● Required action
Give again only the lines from the line that holds "COMMENSE T-shirts^Square Neck" to the end of the data, inclusive, omitting all pictures.

● Dataset section
▼▼▼

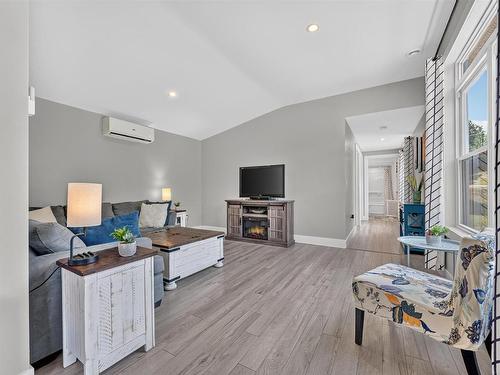 4 Kellys Lane, Ingonish, NS 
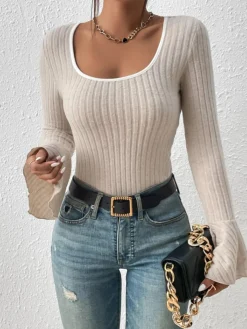 COMMENSE T-shirts^Square Neck Ruffle-Cuff Slim Top Black
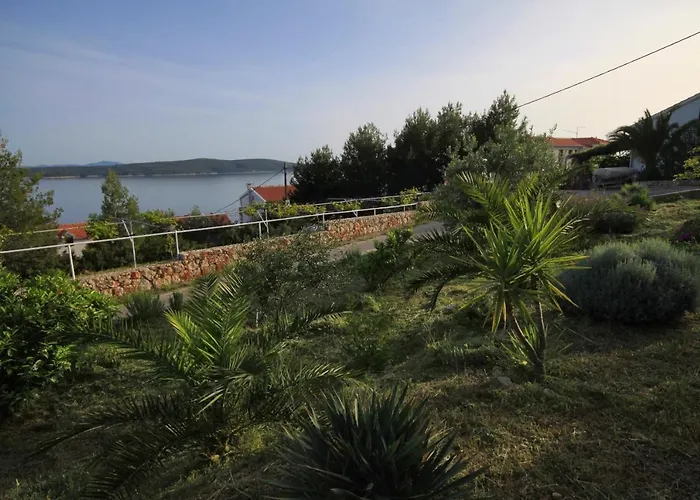 Apartament With A Parking Space Zavala, Hvar - 8706 Jelsa (Hvar)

▲▲▲

● Answer area
 COMMENSE T-shirts^Square Neck Ruffle-Cuff Slim Top Black
 Apartament With A Parking Space Zavala, Hvar - 8706 Jelsa (Hvar)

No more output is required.